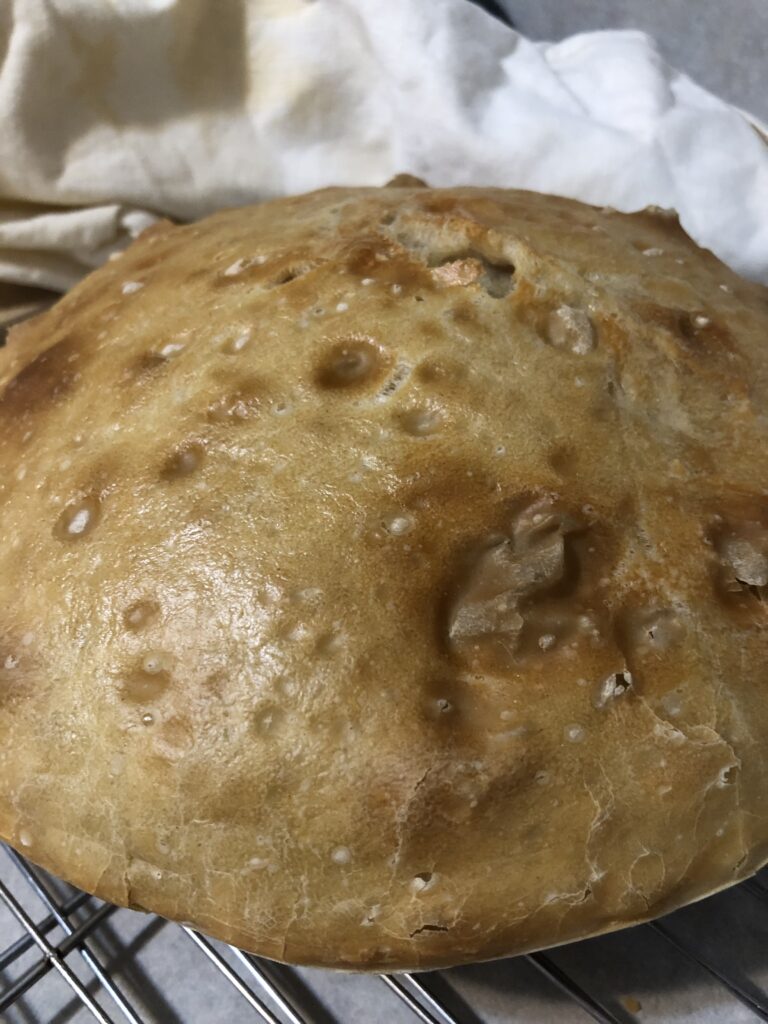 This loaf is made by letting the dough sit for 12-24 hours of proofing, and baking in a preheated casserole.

◇ ◇ ◇ ◇ ◇ ◇ ◇

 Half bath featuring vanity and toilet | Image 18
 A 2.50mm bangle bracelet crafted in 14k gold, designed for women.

◇ ◇ ◇ ◇ ◇ ◇ ◇

Reproduce exactly the entries above, limited to the lines from the one with "Half bath featuring" through the one with "A 2.50mm bangle", both included.

 Half bath featuring vanity and toilet | Image 18
 A 2.50mm bangle bracelet crafted in 14k gold, designed for women.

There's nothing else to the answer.